Later, as we weave through the racks – featuring on-the-pulse-of-now brands like Fenty, The Row, Prada, Gucci, and Attico, Dhouib describes how Danish architecture firm Bjarke Ingels Group transformed the space – 6 500sqm across four floors to create a human scale, and made immersive, functional, and modular furniture to benefit any of the number of in-store activations (November 7th, Moncler House of Genius Paris will take effect). The sunglasses stand is a wooden, free-form swooping shape that echoes Ingels’ Serpentine Gallery 2016 installation. The store aims to intersect fashion, design, and culture. Books and skateboards by art for social impact brand The Skateroom rub shoulders with sneakers and high jewelry from Spinelli Kilcollin and Repossi.

With her soft yet hawk-like eyes constantly skimming the floor, ensuring everyone and everything is offering the apex of excellence, Dhouib – the former head buyer of Galeries Lafayette Haussman, waves to the substantial and enticing mid-range edit – Ganni, ByFar, Mira Mikati – before we step onto the beauty floor.

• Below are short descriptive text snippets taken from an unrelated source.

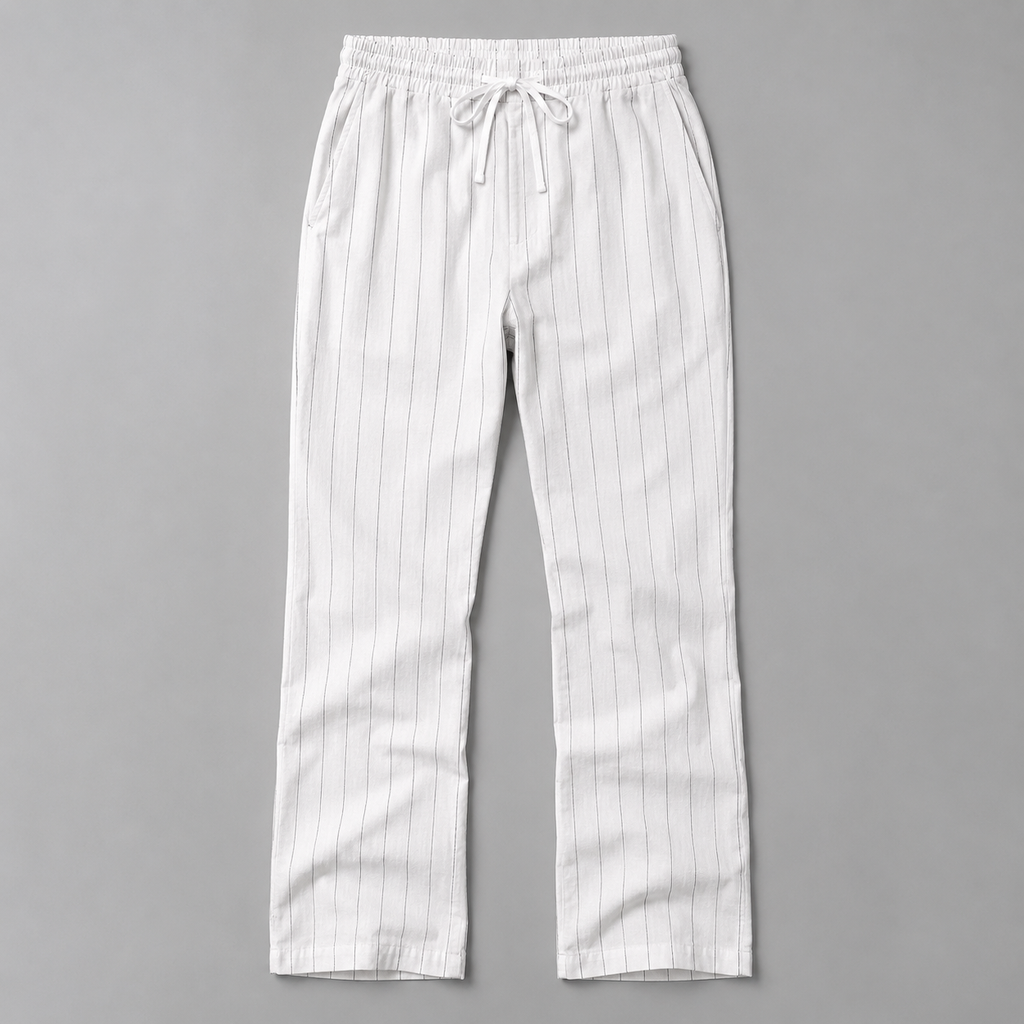Ellis · Pantalon Lin à Rayures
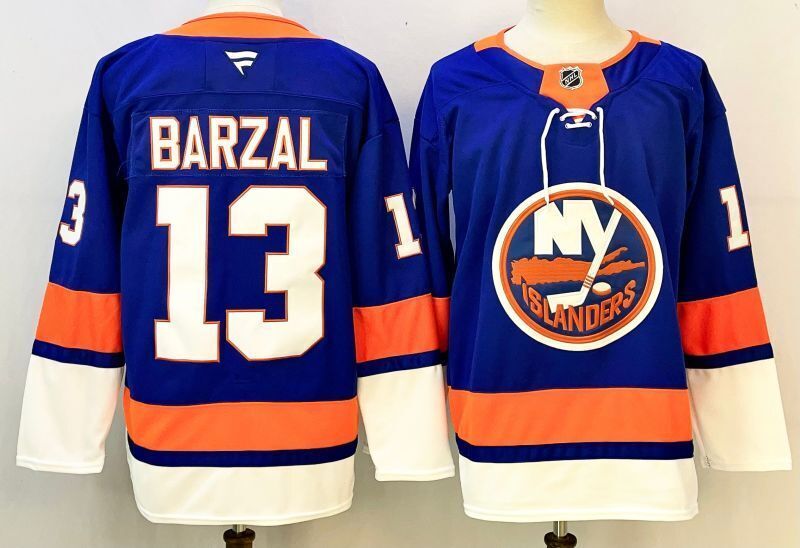 Men's New York Islanders Mathew Barzal Fanatics Royal Breakaway Player Jersey
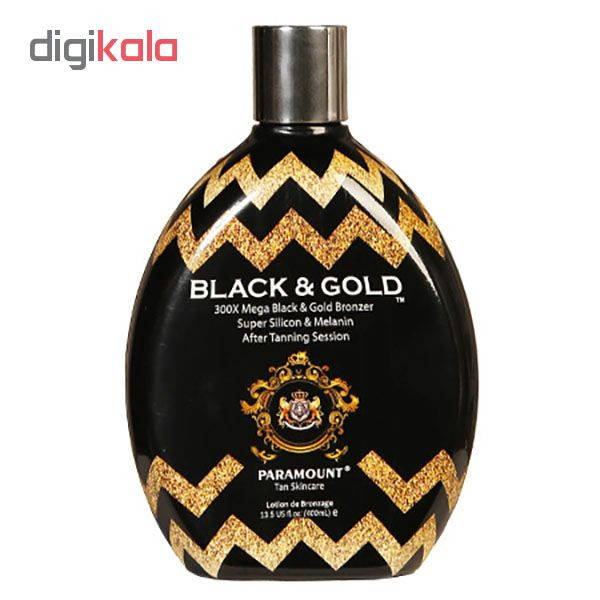 لوسیون سولاریوم پارامونت مدل Black & Gold حجم 400 میلی لیتر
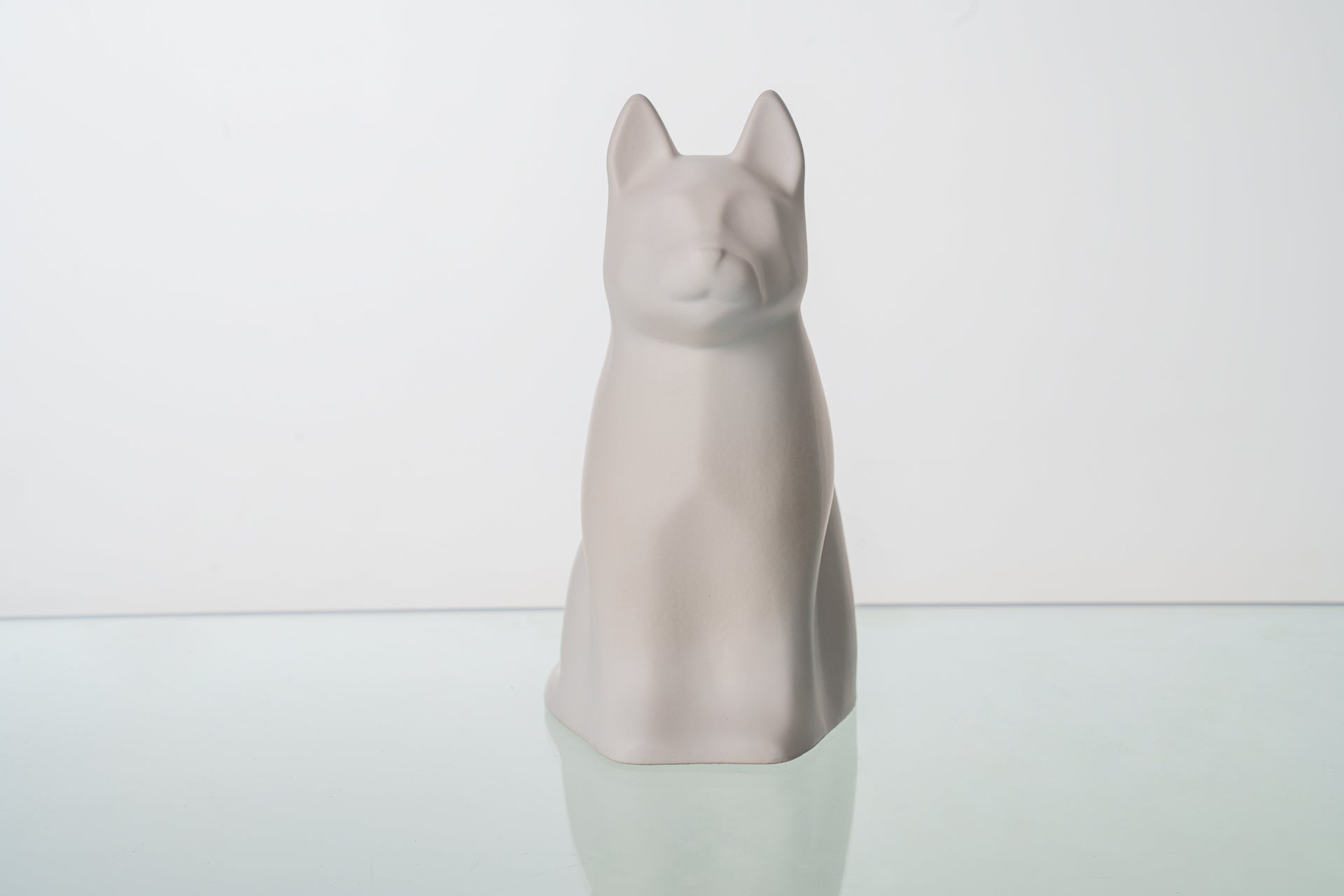 "Barkley" Pet Urn for Dog - White Matte | Ceramic | Handmade - Pulvis Art Urns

Here lies an Ali Baba’s cave of product. Moroccan Oil, Aesop, Kypris Beauty, Odacité, and The Ordinary, are among the brands that line the lit shelves, with Dhouib emphasizing the inclusion of sustainable products.

Galeries Lafayette Champs-Élysées in Paris. Photo: Indigital

Dhouib – who hails from Carthage and today calls Paris’s Left Bank home, where she lives with her husband and two daughters – leads an army of 400 tastemakers who have breathed life into a new destination, that offers a view of French art de vivre. Right before leaving, she insists with Mediterranean warmth that I stop at the Jacquemus-designed restaurant Citron for a bite of a lemon pastry designed exclusively by celebrity chef Cédric Golet. As my taste buds anticipate a bitter zest, there, in one bite, her vision takes a delectable spin – rounded, surprising, unintimidating, fun, and calling to be tasted again and again.